= What you have to do =
Each record should be given again exactly as it appears, with no image included.

Records drawn from a dataset:
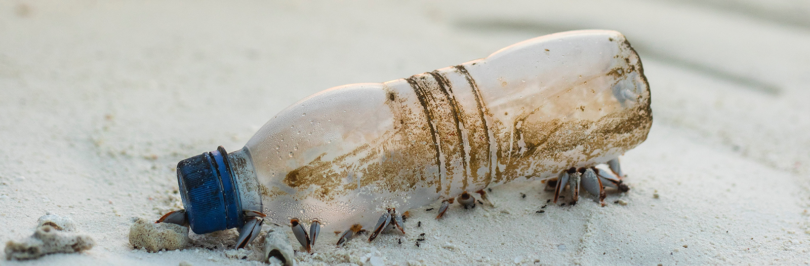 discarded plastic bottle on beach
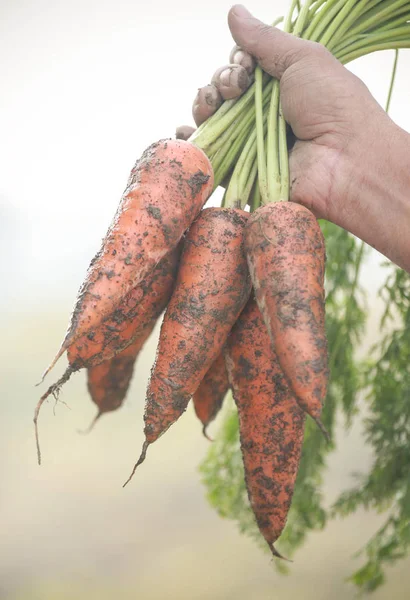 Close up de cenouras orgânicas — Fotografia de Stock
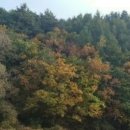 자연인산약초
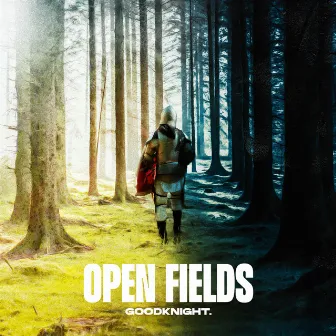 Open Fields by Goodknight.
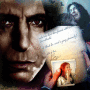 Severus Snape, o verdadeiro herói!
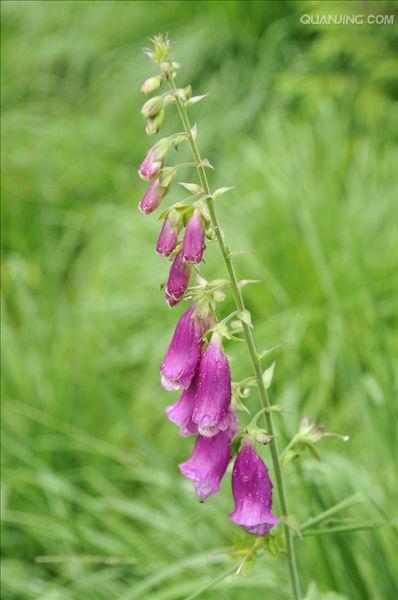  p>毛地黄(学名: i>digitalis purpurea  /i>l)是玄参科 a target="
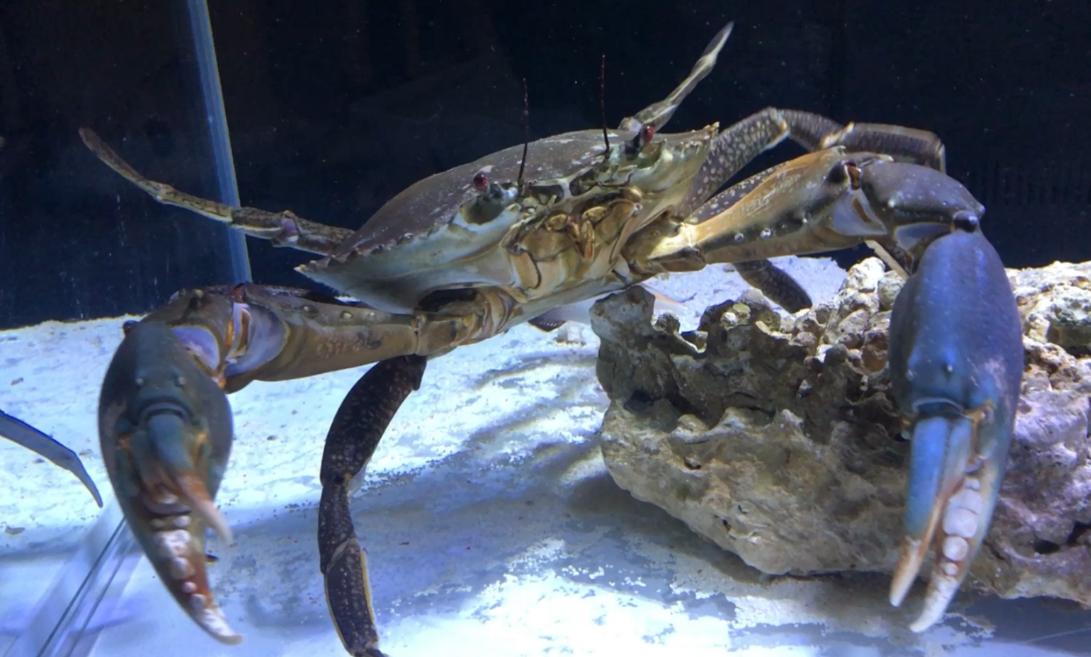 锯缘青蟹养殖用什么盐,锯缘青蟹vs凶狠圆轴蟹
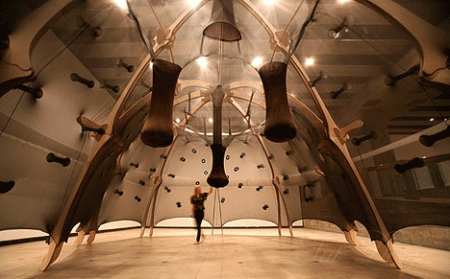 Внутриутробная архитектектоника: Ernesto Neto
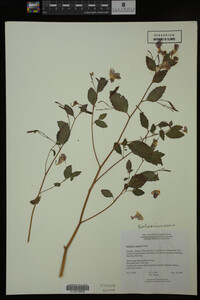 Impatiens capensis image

= Exercise solution =
 discarded plastic bottle on beach
 Close up de cenouras orgânicas — Fotografia de Stock
 자연인산약초
 Open Fields by Goodknight.
 Severus Snape, o verdadeiro herói!
  p>毛地黄(学名: i>digitalis purpurea  /i>l)是玄参科 a target="
 锯缘青蟹养殖用什么盐,锯缘青蟹vs凶狠圆轴蟹
 Внутриутробная архитектектоника: Ernesto Neto
 Impatiens capensis image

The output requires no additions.